# Let's Ban Idiots . . . .



## Kevin (Mar 11, 2015)

And let's start with these rats . . . 

UC Irvine's proposed ban on U.S. flag

Reactions: Agree 7


----------



## ripjack13 (Mar 11, 2015)

"campus police had increased security and were asking students to report suspicious activities"

*Hello? campus police?
**Yes this is...
*I would like to report a theft...
**a theft?
*yes...a theft.
** of what?
*my national flag. you know...the one that stands for the united states?

Reactions: Like 4 | Great Post 1


----------



## Tclem (Mar 11, 2015)

"A ban on flags of any nation" let me sound off for a minute. I hate a lot of things about this current government but if you don't like your job quit. You don't like your wofe. Leave. If you don't like this country then take your sorry no good for nothing butt and move to North Korea. End of story. No debate. Pack your bags. Leave. My family fought and died for that flag. I fought for that flag just so you could say what you want and do what you want. Come to my house and take my flag down, come burn my flag. Sorry your felling a got hurt you bunch of sissies. 
Just my two cents.

Reactions: Like 1 | Agree 5 | Great Post 1


----------



## Kevin (Mar 11, 2015)

ripjack13 said:


> "campus police had increased security and were asking students to report suspicious activities"
> 
> *Hello? campus police?
> **Yes this is...
> ...



*Campus police what is your emergency?
*I would like to report some highly suspicious activity ...
*What is the nature of the activity and who are the parties involved?
*A group of professors are acting like communistas who are attempting to decimate what little is left of our national sovereignty.
*Yes we're aware of that. We're paid to protect them from law-abiding patriotic Amercian extremists such as yourself. Interfere with their right to commit treasonous, subversive, and seditious acts and we'll have to taze you at least and possibly shoot you if we're having a bad day. Is there anything else we can help you with?

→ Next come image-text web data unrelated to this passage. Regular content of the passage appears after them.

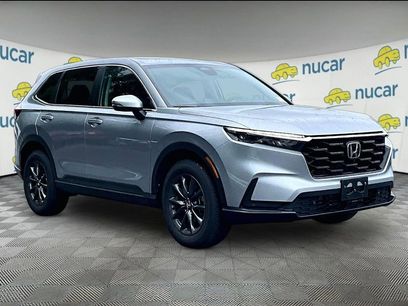 Used 2026 Honda CR-V EX-L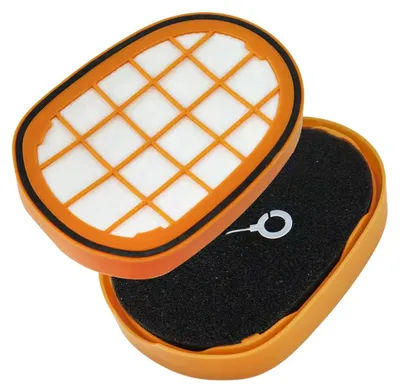 Produktbild von Staubsaugerfilter, Ersatzfilter fš¹r Staubsauger, 1 Ersatzfilter fš¹r Philips Staubsauger FC6812 6814 6823 6827 6908
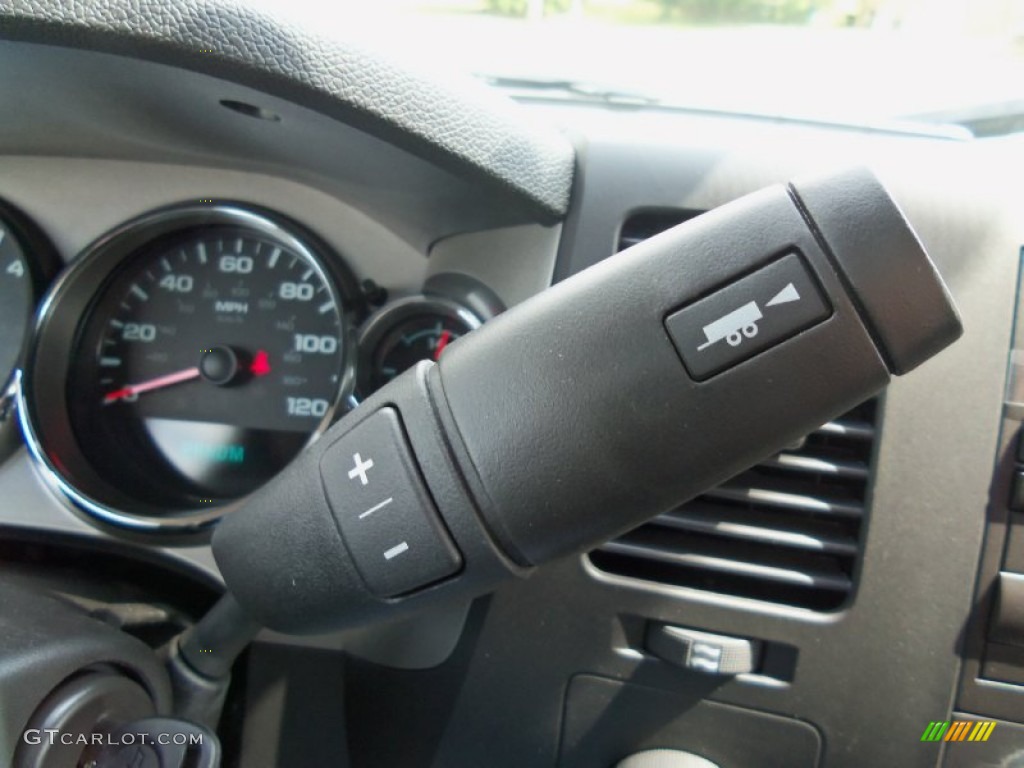 2013 Chevrolet Silverado 1500 LT Extended Cab 4x4 6 Speed Automatic Transmission Photo #81774493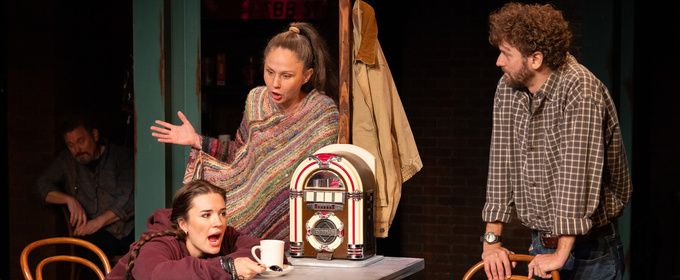 Review: A CHANGE OF POSITION at NJ Rep-A New Play with Memorable Characters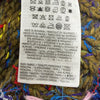 メゾンマルジェラ10 Handmade Knit Sweater ニット マルチカラー L メンズ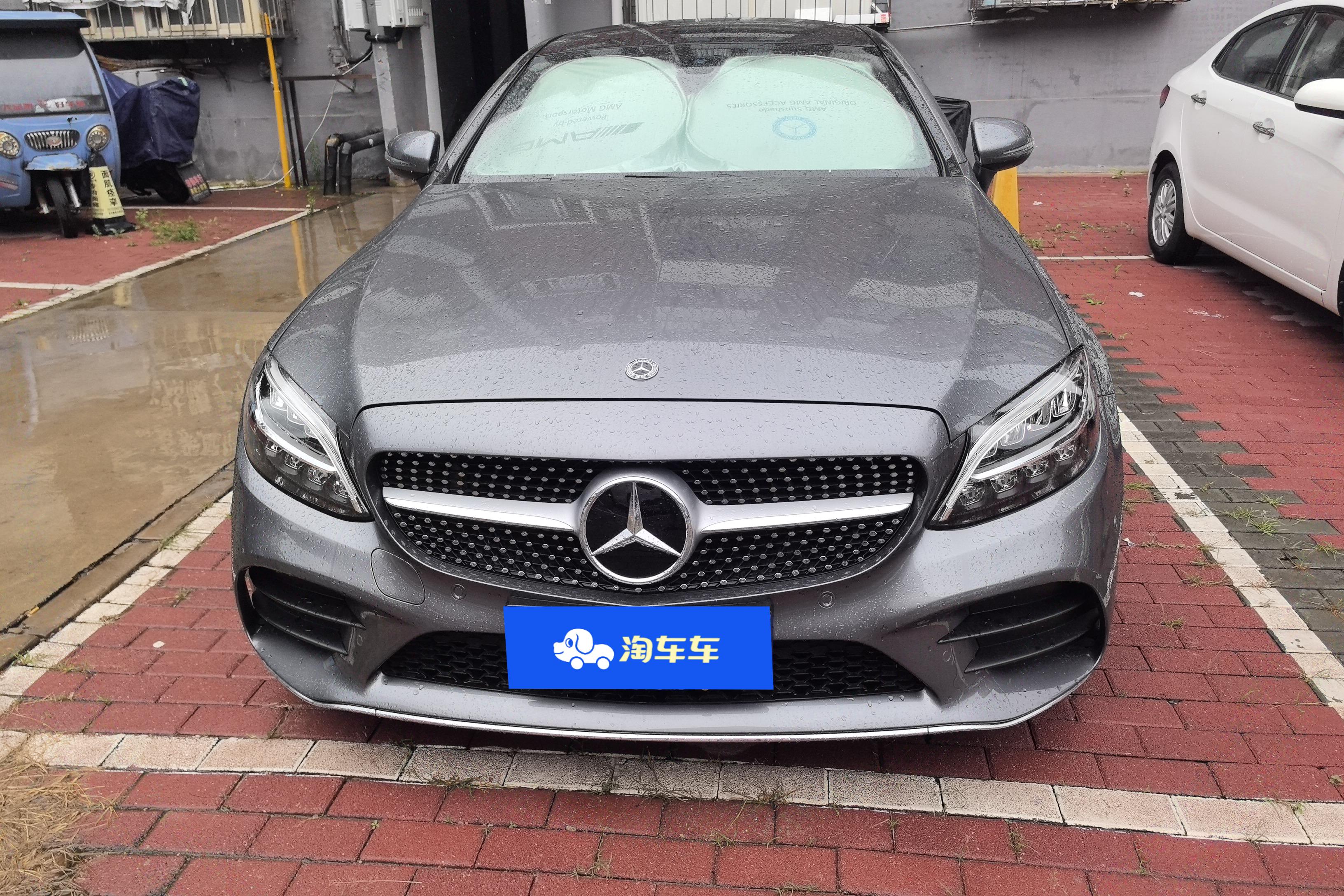 Mercedes-Benz C Class (Imported) 2019 #4 Mercedes-Benz C Class (Imported) 2019 car image #4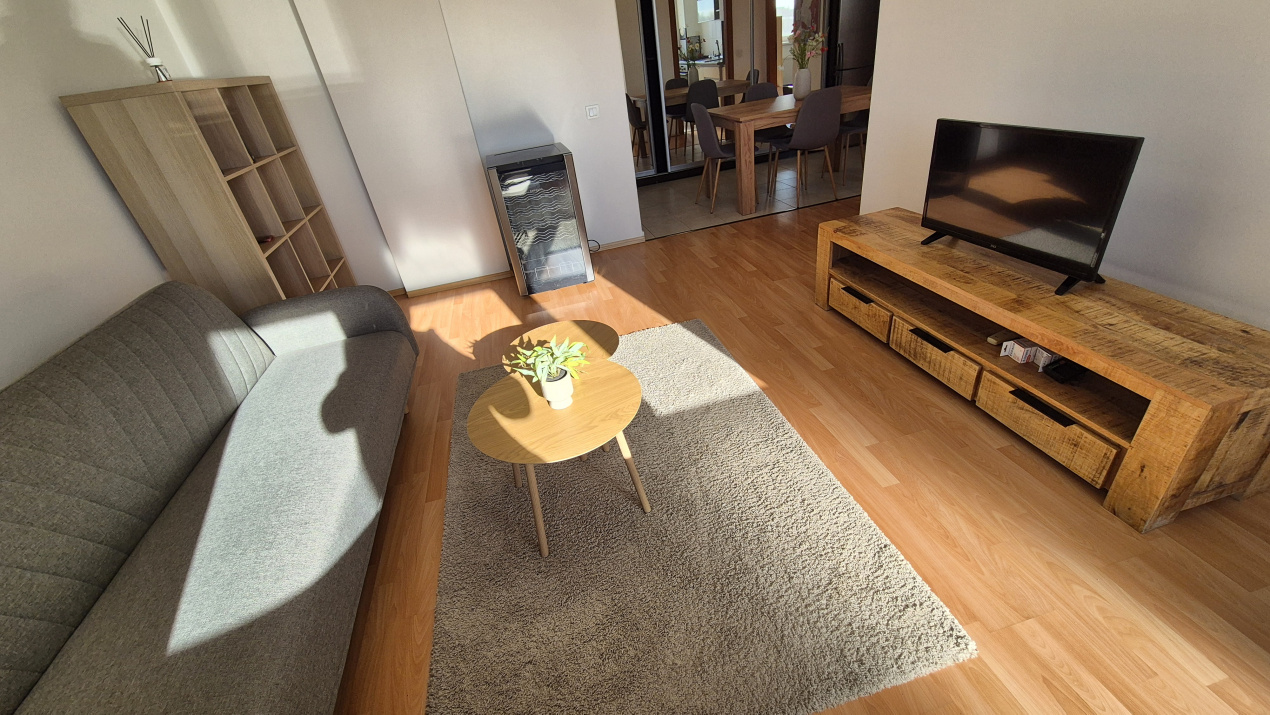  Apartament 2 Camere Rin Grand Residence — fotografie 16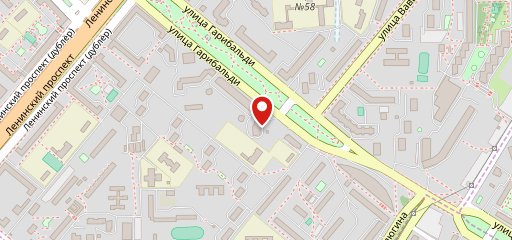 Кофе Станция Маяк на карте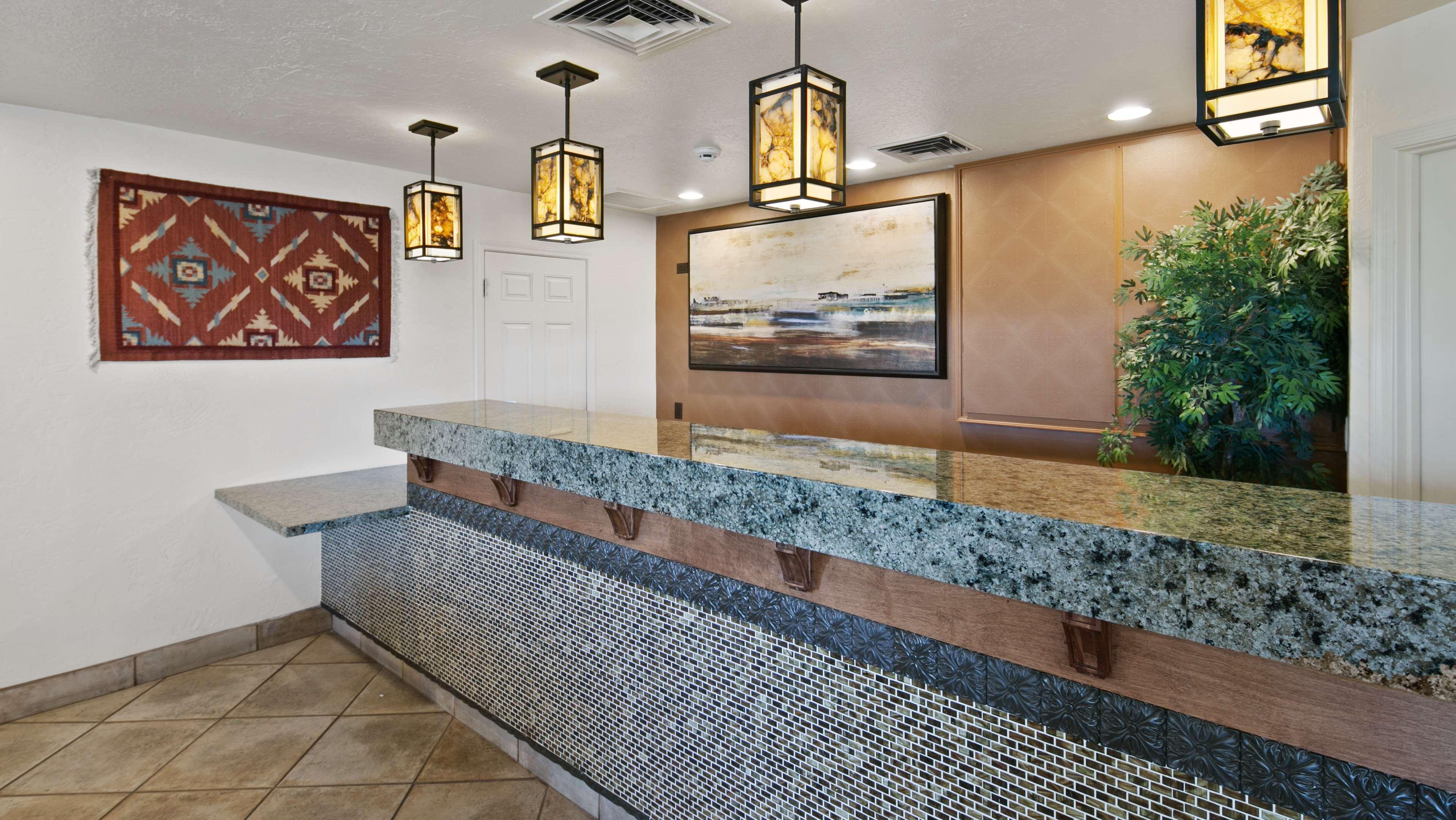 Best Western Prescottonian Ngoại thất bức ảnh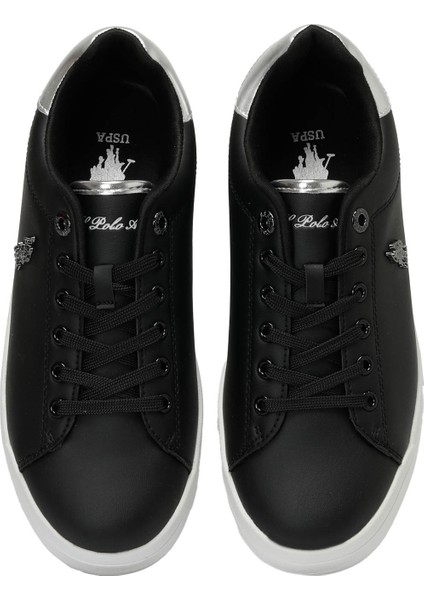 Pelo 4fx Siyah Kadın Sneaker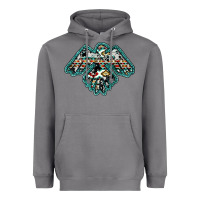 Storm western thunderbird Heavyweight Hoodie - RanaPortraitStore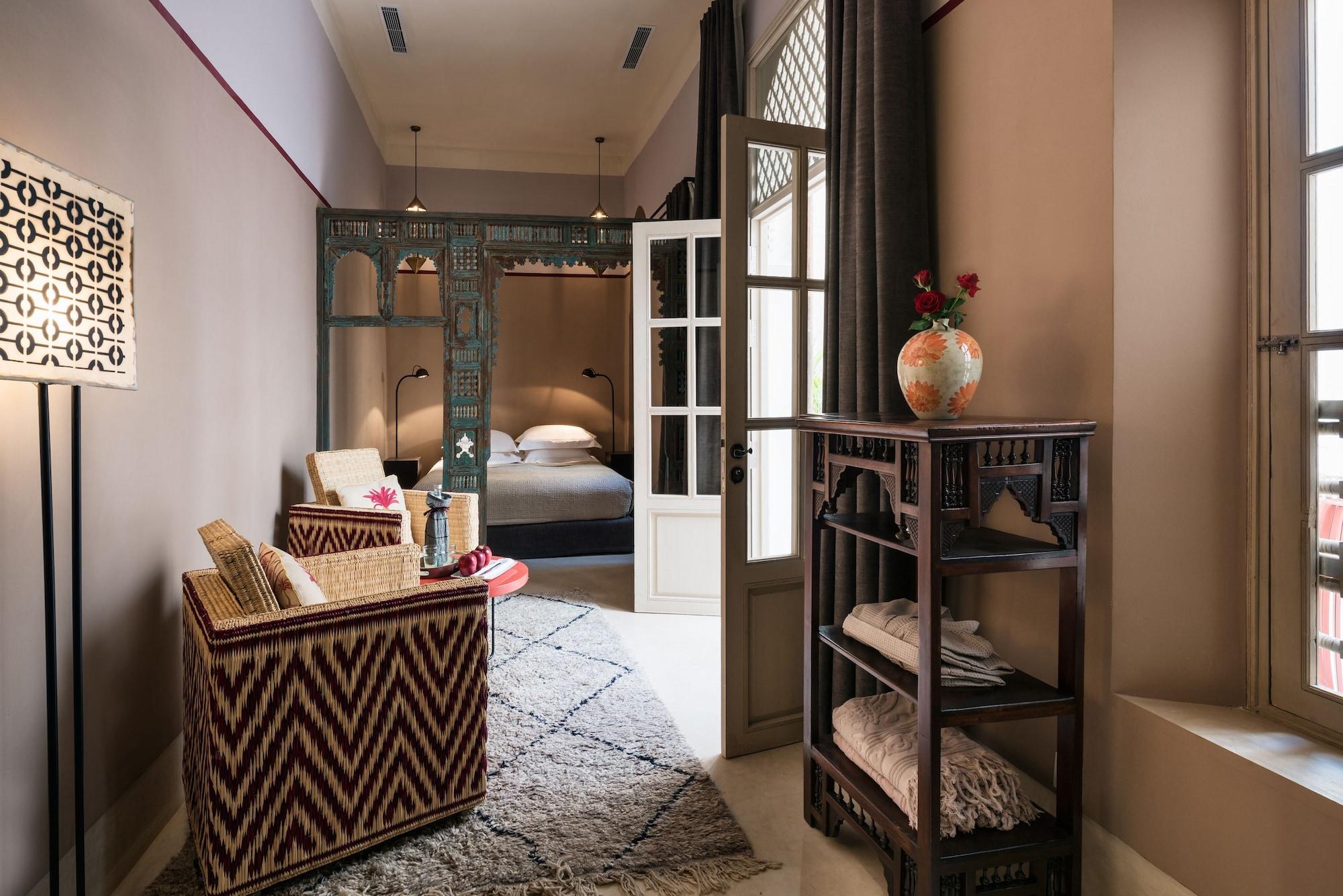 72 Hotel & Spa Marrakesh Luaran gambar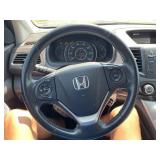 2014 Honda CR-V EX-L - 1 OWNER! - AWD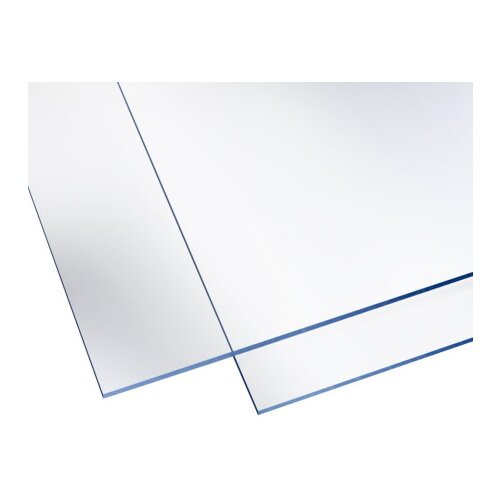 Gutta Ploča Polistirol 500x1000mm 5mm glatka prozirna Cijene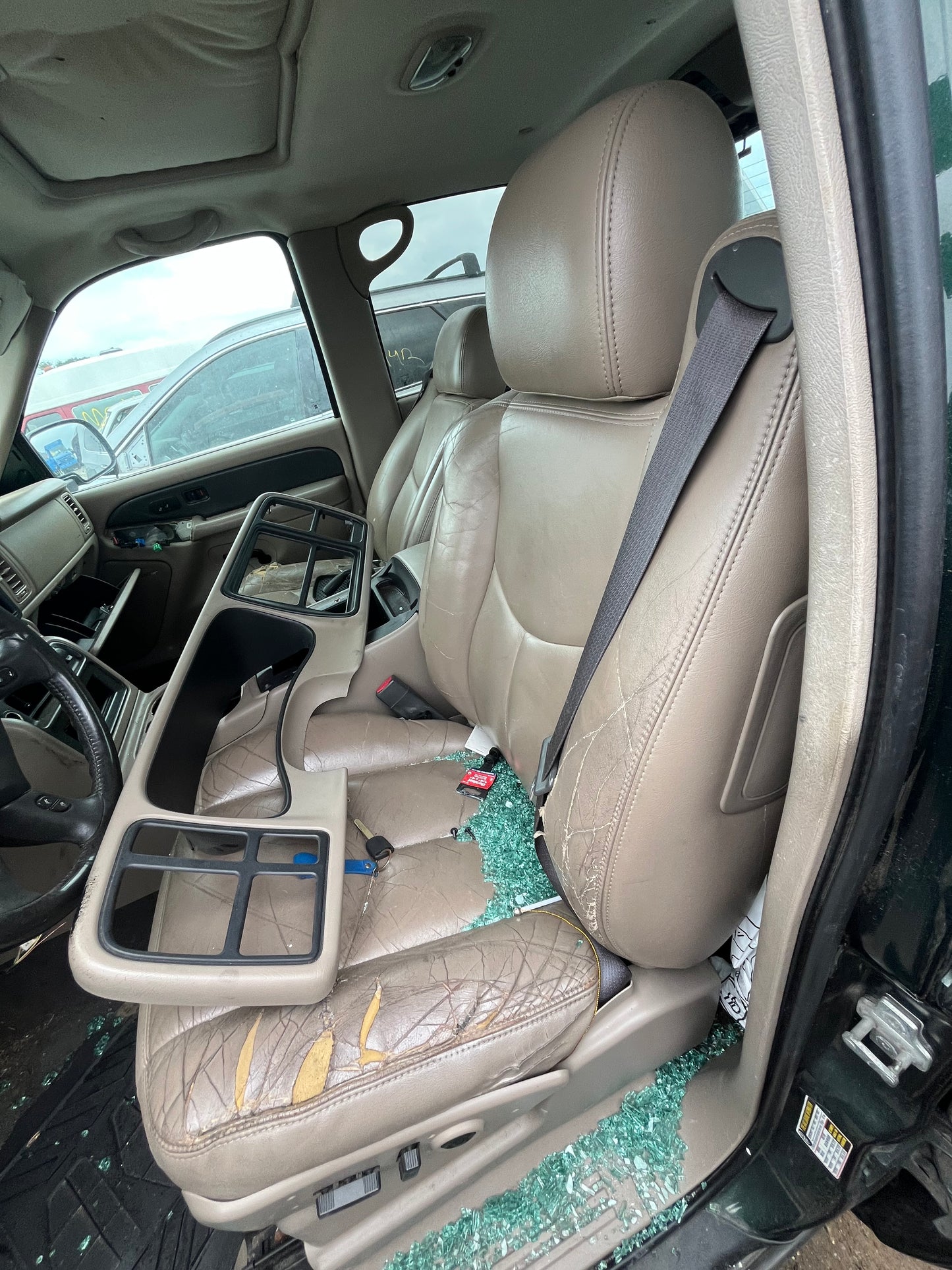2004 CHEVROLET AVALANCHE - STOCK #M19066
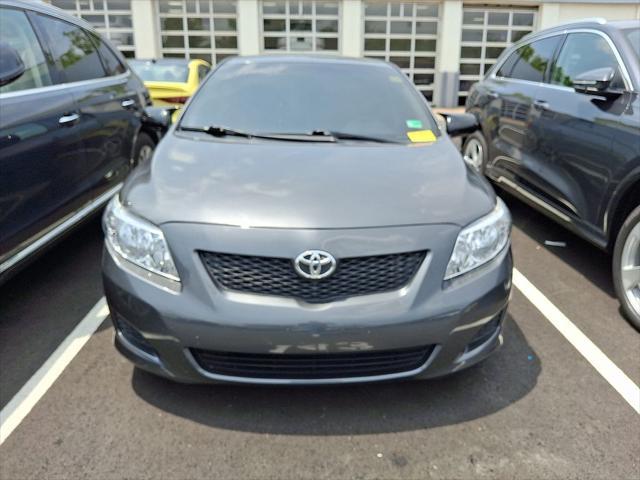 used 2010 Toyota Corolla car, priced at $6,883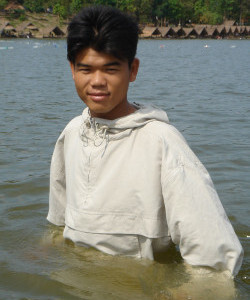 Sun Suit Anorak Pants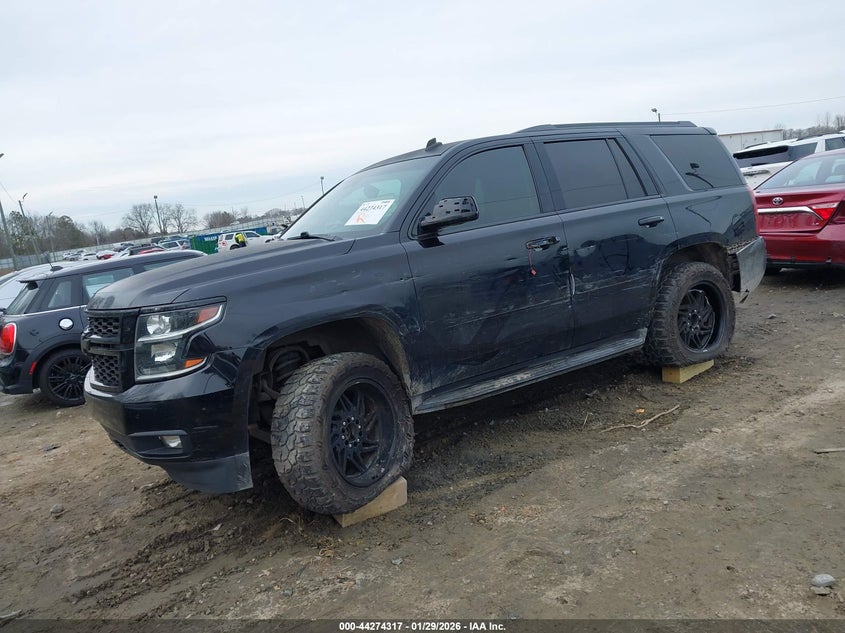 2015 Chevrolet Tahoe Lt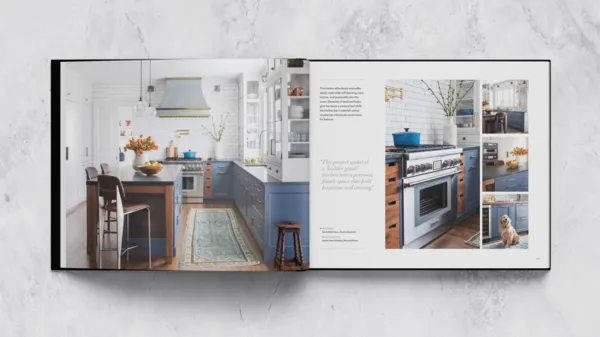 Kitchen Couture Design Book
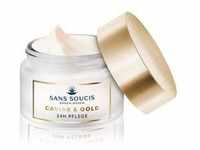 Sans Soucis Caviar & Gold 24h Pflege Gesichtscreme 50 ml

Reactions: Agree 2 | Funny 2


----------



## Schroedc (Mar 11, 2015)

Thing is it wasn't even the University that voted this. It was a student run organization.... I'd think they should lose any scholarships, have to immediately repay any student loans in full and then be booted out.

Reactions: Agree 4 | Great Post 2


----------



## ripjack13 (Mar 11, 2015)

http://www.foxnews.com/opinion/2015...zes-racism-should-not-be-displayed-on-campus/

_"A group of university professors has signed a letter showing their solidarity with students who tried to ban the American flag at the University of California, Irvine – because they said Old Glory contributes to racism.
“U.S. nationalism often contributes to racism and xenophobia, and that the paraphernalia of nationalism is in fact often used to intimidate,” read a letter obtained by the website Campus Reform."
"The un-American knuckleheads blathered on about how "the American flag has been flown in instances of colonialism and imperialism."
Breitbart quoted an unnamed student *who said the student government association feared the flag might hurt the feelings of illegal aliens. *
“There were people who were like, ‘the flag triggers me’ – that was their exact wording, too,” the student said."_


In my opinion, the American flag does not represent the U.S. government, Contrary to what the students claim, the American flag does not signify conformity or racism. It stands for patriotism of your country. patriotism means loyalty to a set of principles, and thus requires dissent and criticism when those in power violate those standards, people can disagree with their government and still love their country and its ideals. But this is absurd.

GTFO of our country....

Reactions: Agree 5


----------



## Wildthings (Mar 11, 2015)

Tclem said:


> "A ban on flags of any nation" let me sound off for a minute. I hate a lot of things about this current government but if you don't like your job quit. You don't like your wofe. Leave. If you don't like this country then take your sorry no good for nothing butt and move to North Korea. End of story. No debate. Pack your bags. Leave. My family fought and died for that flag. I fought for that flag just so you could say what you want and do what you want. Come to my house and *TRY TO *take my flag down, come *AND TRY TO *burn my flag. Sorry your felling a got hurt you bunch of sissies.
> Just my two cents.



@Tclem I added a little more to it!!

Reactions: Like 2 | Agree 2


----------



## Kevin (Mar 11, 2015)

I agree with you Marc essentially. In my perfect world we wouldn't need borders, we'd all have one language, no currency just barter with each other for untaxed goods and services. This would eliminate governments so there'd be few if any wars (profit for bankers and mega corps), and we'd all have our own happy harem of wives all of whom like each other and love us - each man his own king. But, we don't live in a perfect world and never will, so I my patriotism tree looks like this:


My family (if my wife doesn't see this post and kicks me out)
Local community
My state
My fellow citizens in the other states.
And in times of a legitimate threat to the several states my patriotism instantly widens to include the uncomfortable evil necessity of a temporary federal organizer to conduct unrestricted war and aggression against any and all direct threats to the security of any single state or number of states; attack one of us - you attack all of us.
The central government should be our SLAVE and SERVANT not our master, but it IS our master and we are the slaves. Thank you Honest Abe. But I digress . . . . I forgot what we were discussing . . . .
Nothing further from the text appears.